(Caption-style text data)
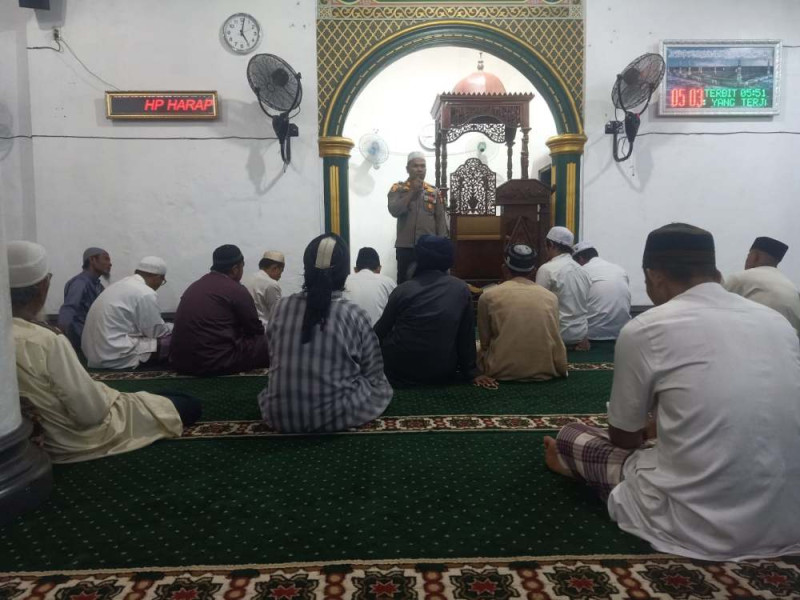 Lakukan Subuh Keliling, Polsek Bungaraya Sampaikan Pesan Pilkada Damai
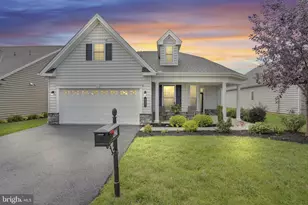 427 General Dr, Mechanicsburg, PA 17050 - Photo 1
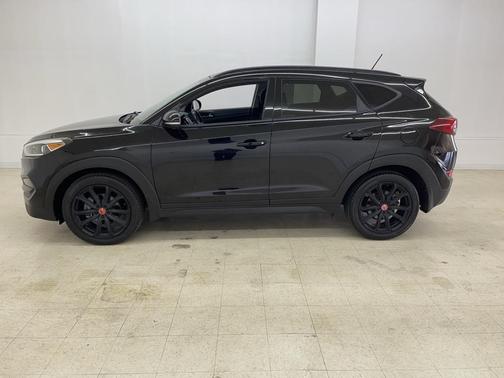 2017 Hyundai TUCSON Night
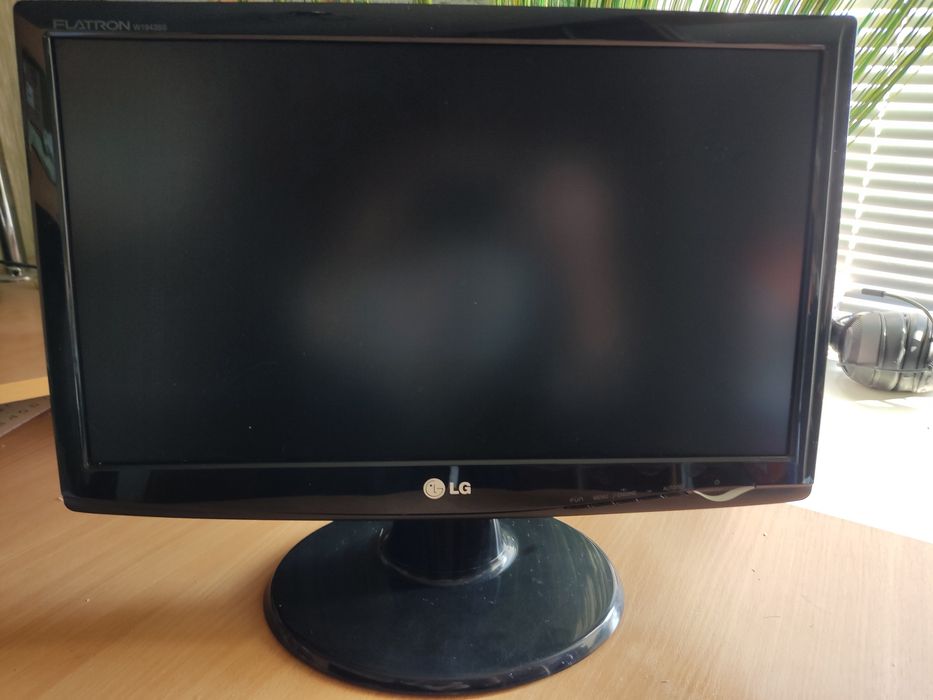 Монитор LG Flatron W1943SS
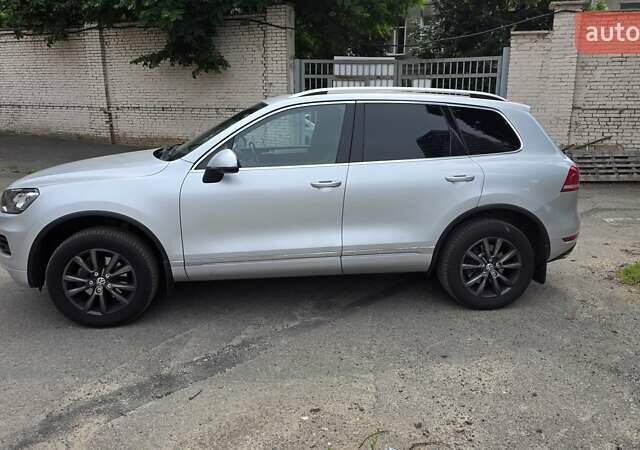 Серый Фольксваген Туарег, объемом двигателя 3 л и пробегом 275 тыс. км за 20500 $, фото 1 на Automoto.ua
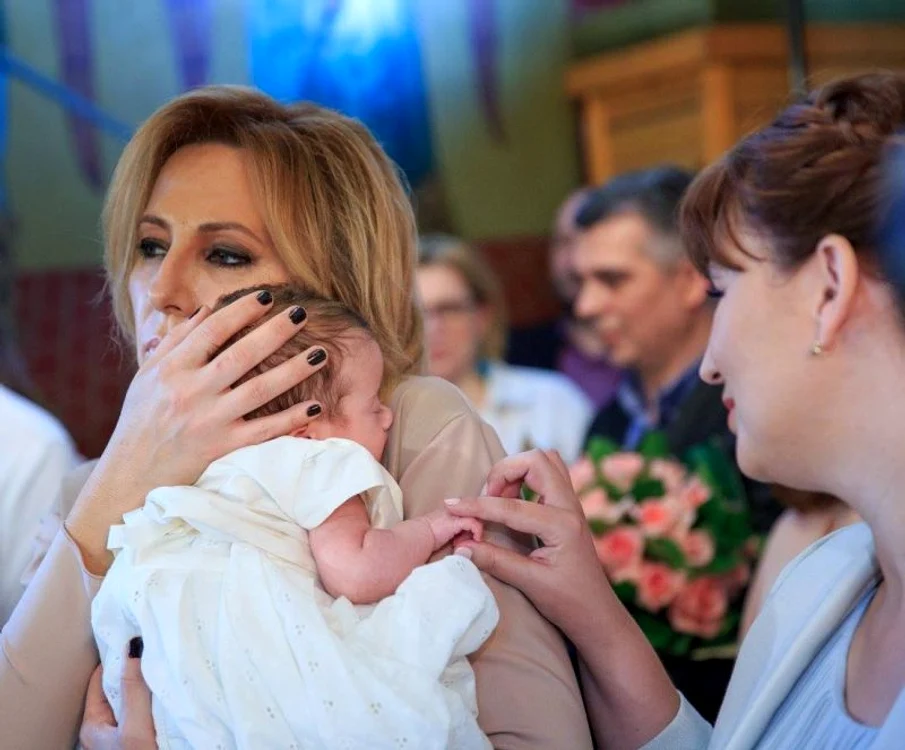 Fetiţa Sandei a fost botezată de Irina Păcurariu, vedeta TVR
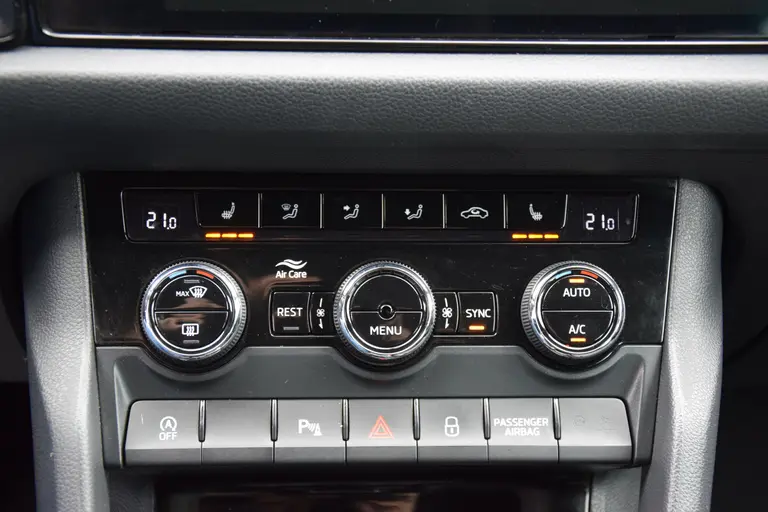 Skoda Kodiaq 1.5 TSI 150PK Sportline Business DSG Automaat | BOVAG Garantie | Org. NL | Trekhaak | Vitrueel Dashboard | Camera | Stoel&Stuur verwarming | Full LED | 19'' Velgen | afbeelding 27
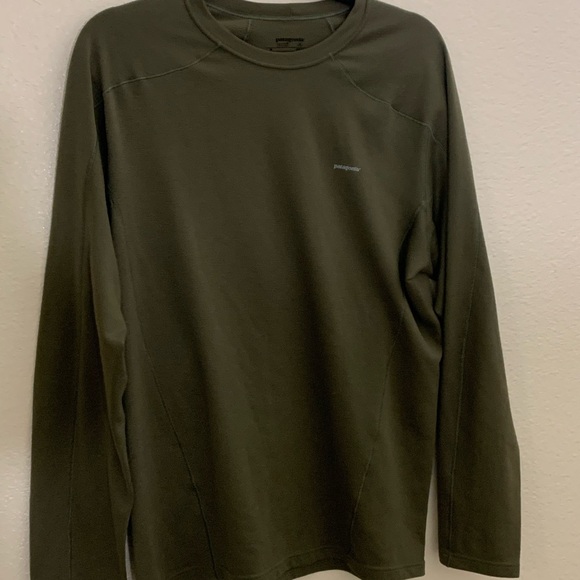 Patagonia Other - Patagonia Men’s Long Sleeve Base Layer Shirt- Medium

WHAT IS REQUIRED —
Output nothing but the entries above, exactly, once the pictures are removed.

TASK ANSWER —
 Lakukan Subuh Keliling, Polsek Bungaraya Sampaikan Pesan Pilkada Damai
 427 General Dr, Mechanicsburg, PA 17050 - Photo 1
 2017 Hyundai TUCSON Night
 Монитор LG Flatron W1943SS
 Серый Фольксваген Туарег, объемом двигателя 3 л и пробегом 275 тыс. км за 20500 $, фото 1 на Automoto.ua
 Fetiţa Sandei a fost botezată de Irina Păcurariu, vedeta TVR
 Skoda Kodiaq 1.5 TSI 150PK Sportline Business DSG Automaat | BOVAG Garantie | Org. NL | Trekhaak | Vitrueel Dashboard | Camera | Stoel&Stuur verwarming | Full LED | 19'' Velgen | afbeelding 27
 Patagonia Other - Patagonia Men’s Long Sleeve Base Layer Shirt- Medium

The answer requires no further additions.